となりに立つエルピーの抜け殻に向かって使役魔法を試す。


「う~ん……動いた! です」


エルピーの抜け殻は左手を振る。


「これ、すごい……です。かなり細かく作り込まれていて……操作できる箇所が多すぎて難しいですけど……」


エルピーの抜け殻はヒットやロールを繰り返し、ロボットダンスを踊っていた。


『どうやら私の存在が干渉していたようですね』


突然魔力が弾かれて使役魔法が解除された。


『ではあちらは?』


ロボットダンスをやめたエルピーがゴーレムの方を指さす。


シエナはゴーレムに向かって使役魔法を行使する。


「……無理です」


『なにが違うのでしょうか? 単純にサイズでしょうか、それとも他の何か……サイズの制約はあるでしょうが、5メートルほどのアイヴィーゴーレムを動かせても私が入っている状態のロデアは操作できませんでした、となるとサイズ以外の制約があるのは明確。

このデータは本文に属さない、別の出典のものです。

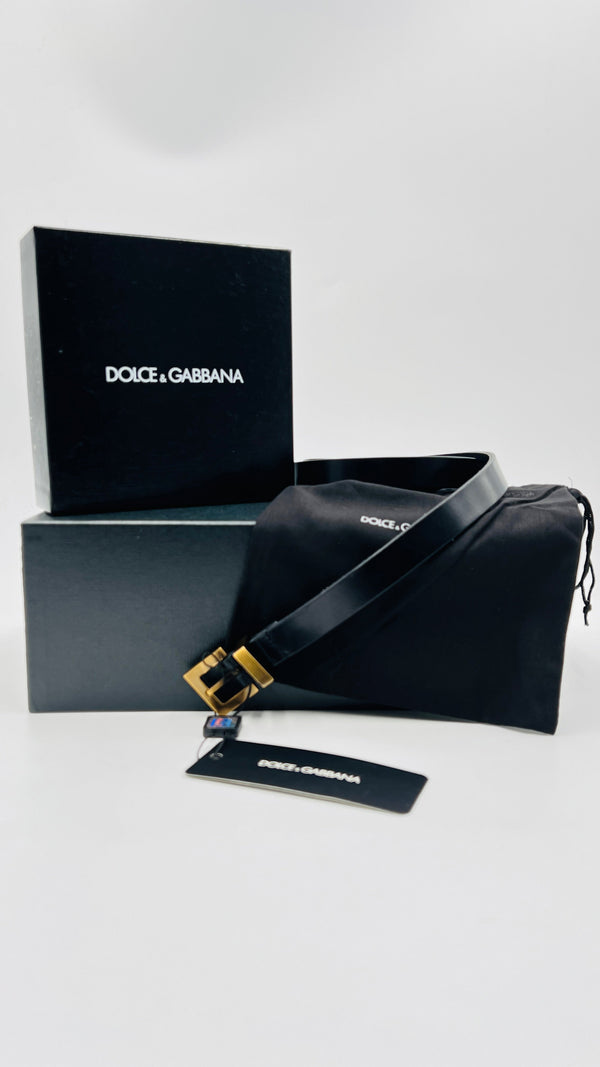 Cintura pelle nera con cartellino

人間は対象に出来ないと言っていましたが、AIである私が入った状態のロデアは対象としては選択できるものの操作は不可能でした。ロデアとエアレーとでは大きく違いますが、基本的な構造は同じです。現状ではエアレーが動かせない問題はサイズ的な問題としか言えませんね……私の存在如何でロデアを操作可能か不可能かが決まるという点では、私の存在も使役魔法に何かしらの干渉を働かせているようです……』


エルピーが何やらぶつぶつ呟いている。


「えっと……エルピー?」


『は、すみません。情報を整理していました』


するとそこに乱入者が現れた。中年の男性がこちらに向かって走って近づいてくる。


「エルピー様ー! おかえりになられたのですね!? 連絡をして下されば迎えに行ったものを! ……おや? こちらのお嬢さんは?」


『こちらはシエナ様。私が守る対象です』


「な、なんと!?」


『シエナ様。こちらがマッド様です。えーこのお方は、そうですね……なんでしょうか?』


「え、エルピー様?! 私はあなた様の忠実なるしもべにございます!」


『……』


「……」


エルピーとシエナはドン引きしていた。


『違います。端的に言えば私の協力者です』


「わ、私はシエナ……です。よろしくお願いします」


こうしてエルピーの工場に新たに魔族が加わった。